*** Source material ***
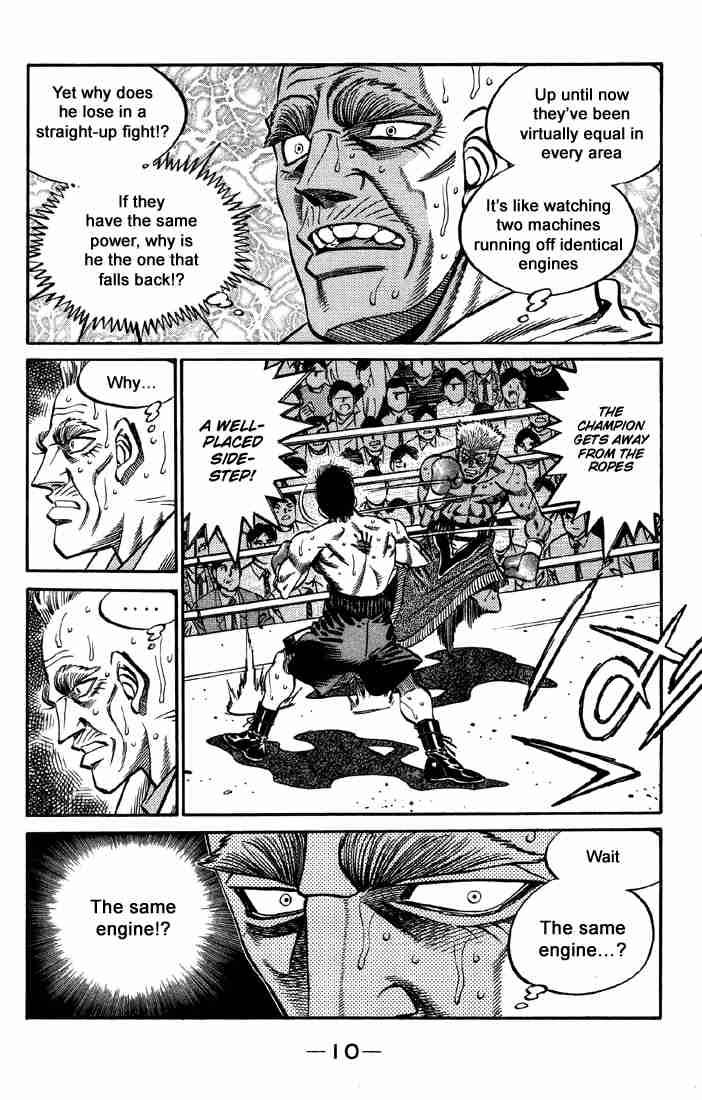 Hajime no Ippo - Chapter 389 Page 11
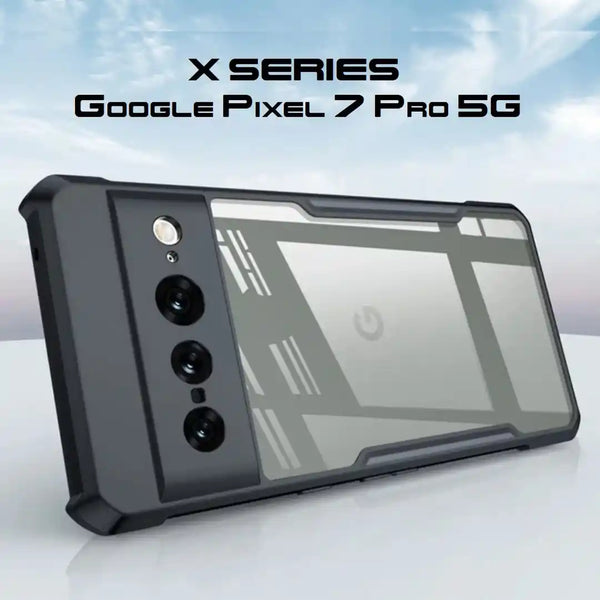 X Series - mOBILE bACK cASE for Google Pixel 7 Pro 5G - 6.7 Inches
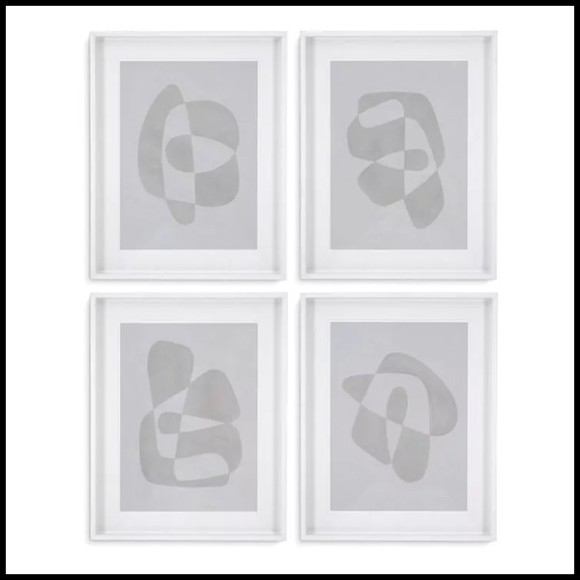 Set of Print 24- Soft Shape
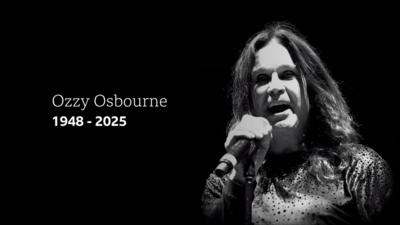 Ozzy Osbourne  graphic tribute 
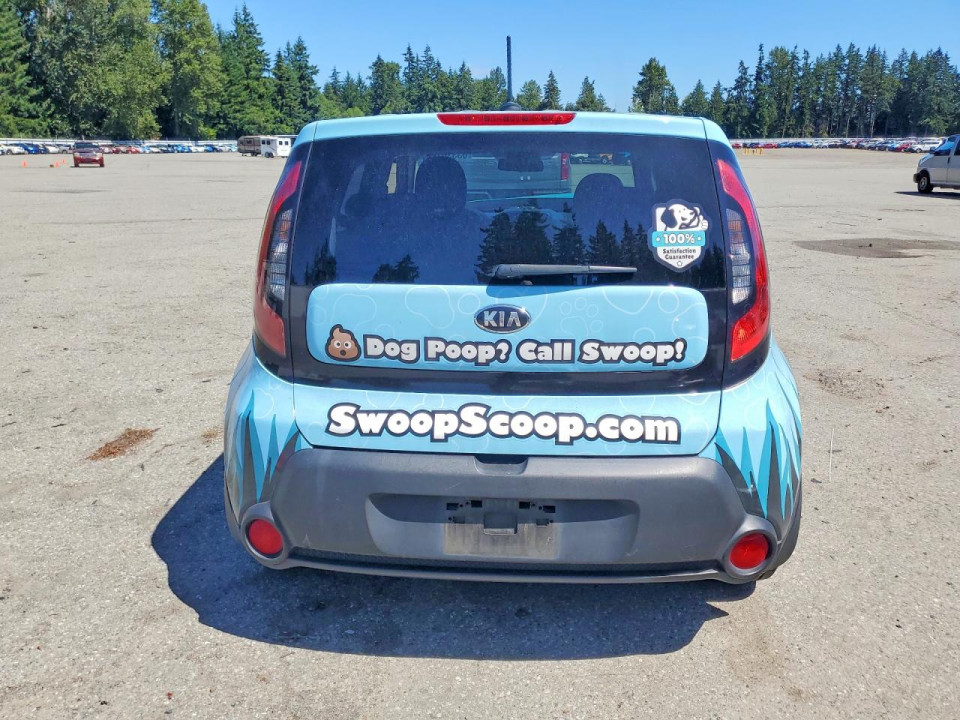 Kia SOUL BASE 2015 — Copart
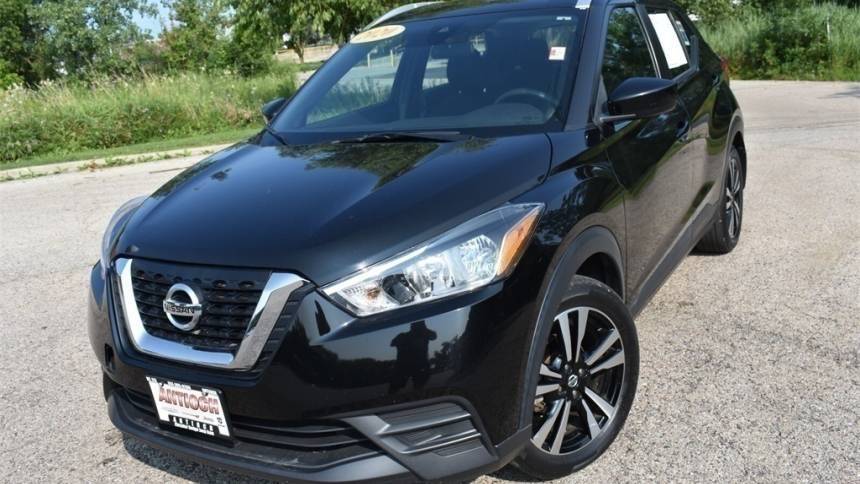 2020 Nissan Kicks SV — SUV — 45,774 mi — Antioch, IL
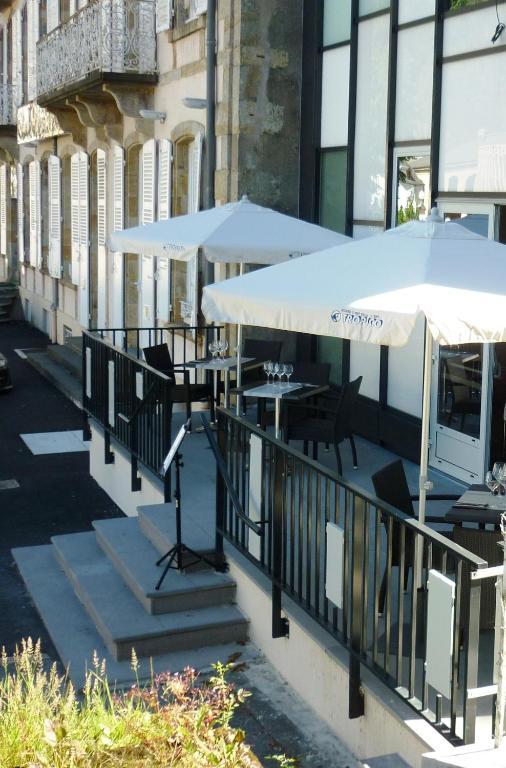 Le Parc Des Fees Hotel Retaurant & Spa La Bourboule Ngoại thất bức ảnh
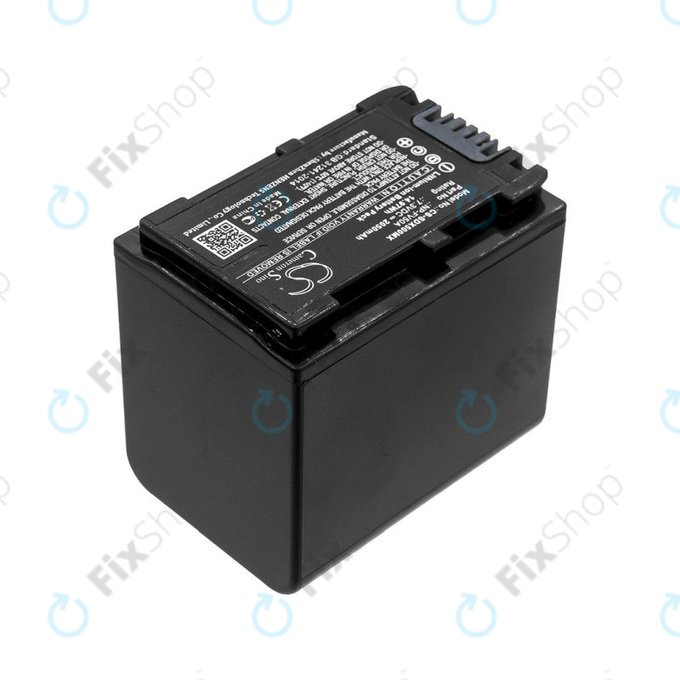 Battery for Sony Fdr-Ax33, Sony Fdr-Ax40, Sony Fdr-Ax45, Sony Fdr-Ax, 2050mAh, Li-Ion, 7.3V, NP-FV50A, HQ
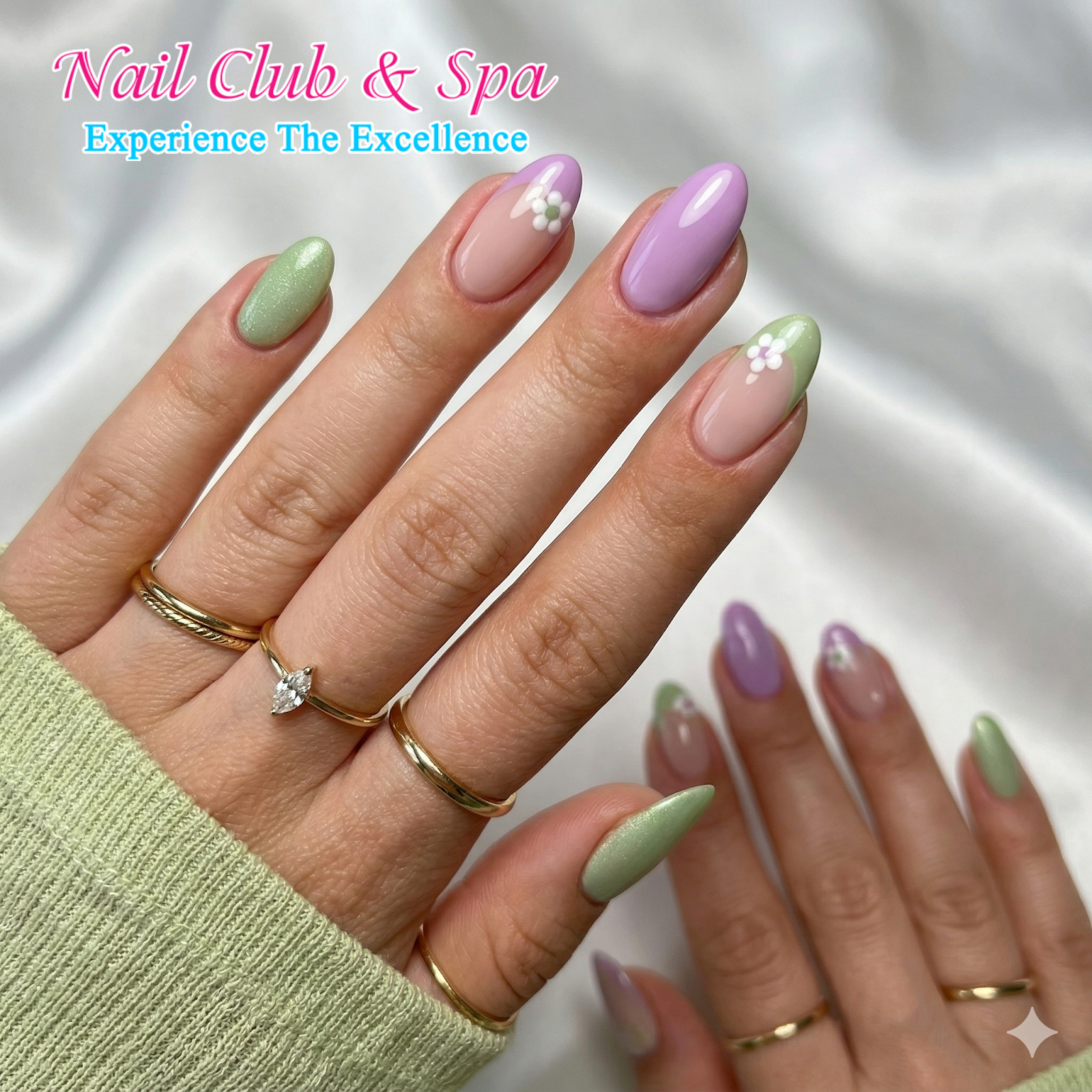 Nail Club & Spa logo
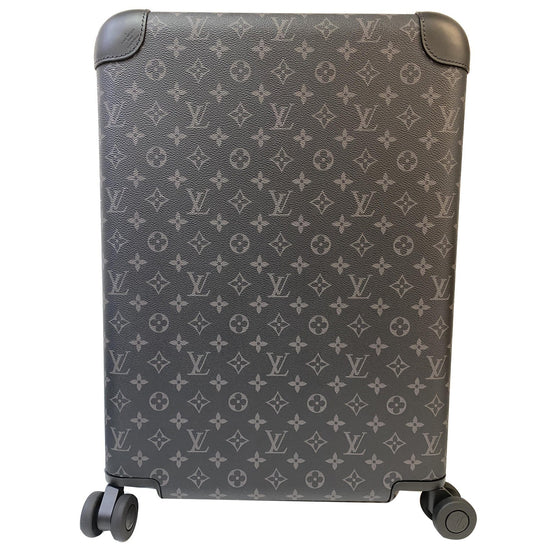 Horizon 55 Suitcase - Luxury Mahina Leather Grey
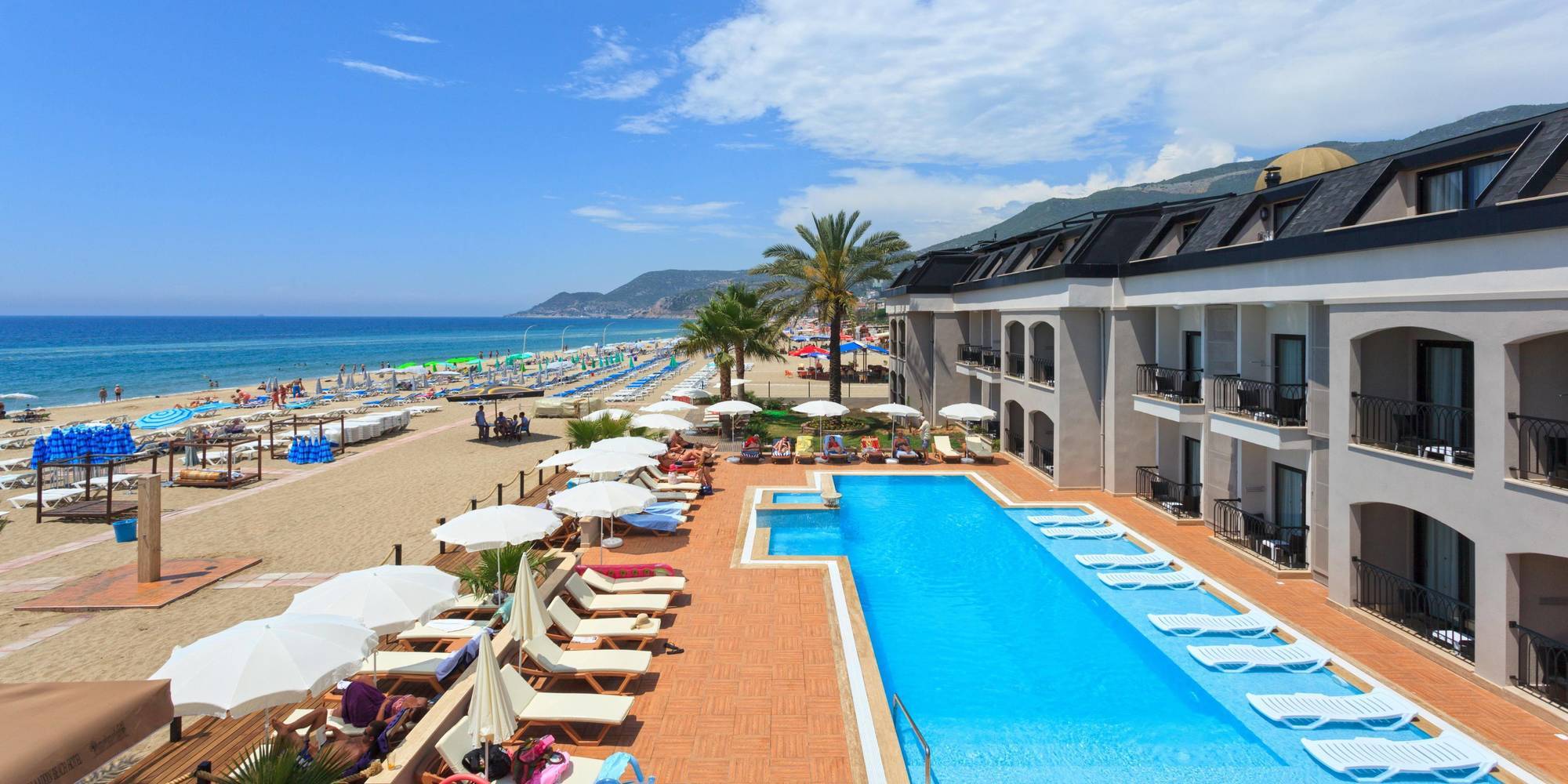 Alaaddin Beach Hotel - Adult Only 阿拉尼亚 外观 照片
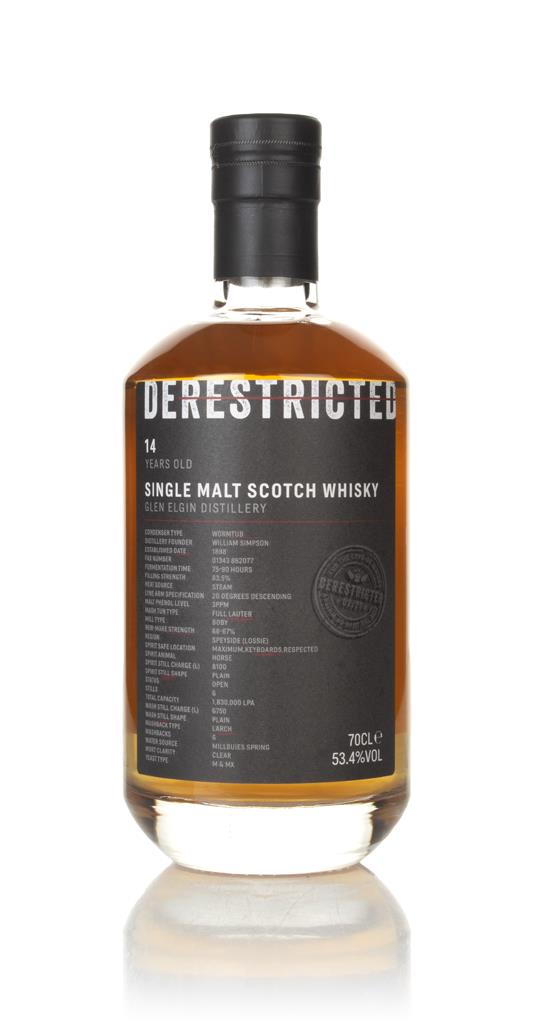 Glen Elgin 14 Year Old - Derestricted Single Malt Whisky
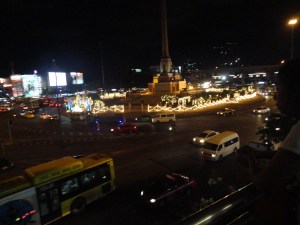 Random Roaming and Clicking in Bangkok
***
Task requirements
Only the lines from the one containing "Glen Elgin 14" through the end of the listing should be output, word for word and inclusive; keep pictures out.

Answer to this problem
 Glen Elgin 14 Year Old - Derestricted Single Malt Whisky
 Random Roaming and Clicking in Bangkok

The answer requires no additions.